The downside to this is that my amount of actual movies I watch at festivals has decreased significantly since beginning this work. So when I touched down in Salt Lake City last Friday as a mere visitor, prepared to sit in theaters and meet fellow festivalgoers, I couldn’t help but feel a bit of whiplash. There was no need to attend to guests or festival operations; I had no plan beyond a movie screening scheduled for 9:00 PM that night. I might have the chance to visit some old friends and colleagues. If I wanted, I could just, like, sit down and watch movies. Is this why people go to film festivals?
The answer to that question is “Yes,” of course, and—despite my feeling of self-conscious disentanglement at this unfamiliar situation—watch movies I did. Over the course of my three-day stay in Park City, I managed to squeeze in five feature films and a block of six short films, which was certainly not bad for a first visit, though it was not as many as I would have liked. My two-screenings-per-day average paled in comparison to critics tearing through four to five movies per day. I was jealous, but then again, that’s their job. This Airplane Mode bullshit is (tragically) just for fun.
Movies weren’t the only reason I was going to Sundance, however. As with all film festivals, Sundance is also a ten-day megaparty. If I wasn’t at one the eight screening venues spread across Park City, I was schmoozing and networking, drinking in bars and partying in nightclubs (the likes of which I shouldn’t have had access to, except that I happened to know the right people). I met up with old colleagues and new acquaintances, each of us excited to be part of this pseudo-exclusive mountain town event. This air of privacy is the thing that makes festivals tick—the private parties, the black-market trading for sold-out movie screenings, the high-profile celebrities surreptitiously wandering the jam-packed festival streets. And, to my great delight, this atmosphere is fully maximized at Sundance. You’ll pass by Will Ferrell, struggling to move past a group of fans clamoring to get a signature; you’ll see Lionel Richie walk onstage to speak with effortless charm about his new documentary. My personal highlight came in the form of a shades-wearing Jay Ellis (of Insecure and Top Gun: Maverick fame), who brushed past me at a bus stop. We made eye contact. I was giddy.
As for the movies, each of the films I saw were world premieres, although admittedly, that sounds more significant than it is. For those who don’t know, much of the excitement behind a film screening at Sundance comes from the possiblity of getting picked up by a distributor. A Sony or a Netflix executive could be sitting in the audience for your film, and if it ends up being to their liking, they might offer you a distribution deal.

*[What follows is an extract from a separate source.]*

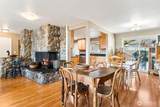 1405 Rolling Hills Terrace - Photo 12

This is the point of film festivals in spirit, at least: certain films making their world premiere were well on their way to distribution before they made their first screening. For instance, a movie like The Greatest Night in Pop—a charming and surprisingly heartwarming documentary about the recording of the 1985 megahit charity single We Are the World—was slated for a January Netflix release well before I attended its world premiere; the same is true of the satirical The American Society of Magical Negroes, scheduled to be released in March by Focus Features. Yet their presence at Park City matters nonetheless: These movies are going into wide release anyway, but if they manage to achieve the coveted title of “Sundance hit”—well, it certainly doesn’t hurt their awards chances.
Not that either of those films fall anywhere close to awards contention. They are evidently constructed with too much broad appeal in mind; they are driven by a good-natured optimism that should do well with wider audience, though not with 2025 Oscars voters. Ponyboi, on the other hand—a Safdie brothers-esque crime thriller about an intersex sex worker caught up in the Italian American underworld of New Jersey (or at least a hilariously stereotypical version in which every gangster is named something like “Lucky” or “Two-Tone”)—is aiming for High Artistic Achievements. The film is written and starring intersex filmmaker River Gallo, and is tailor-made for the midnight festival circuit. It features a depiction of poverty and sex work that is grimy to the point of absurdity, with unruly attempts at “gritty realism” (whatever that phrase means anymore) that never quite land with the intensity it aims for. The film’s contrived narrative and over-the-top dream sequences end up placing the tone far closer to The Rocky Horror Picture Show than to The Wire, resulting in a film that is certainly not for me. (Some punchy direction and solid performances are at odds with a script whose clichéd themes it delivers with the subtlety of a sledgehammer.) But at a 10:00 PM screening with an audience cheering at even the most minor narrative turn, it was hard to be upset. The film premiered to the audience at which it belonged.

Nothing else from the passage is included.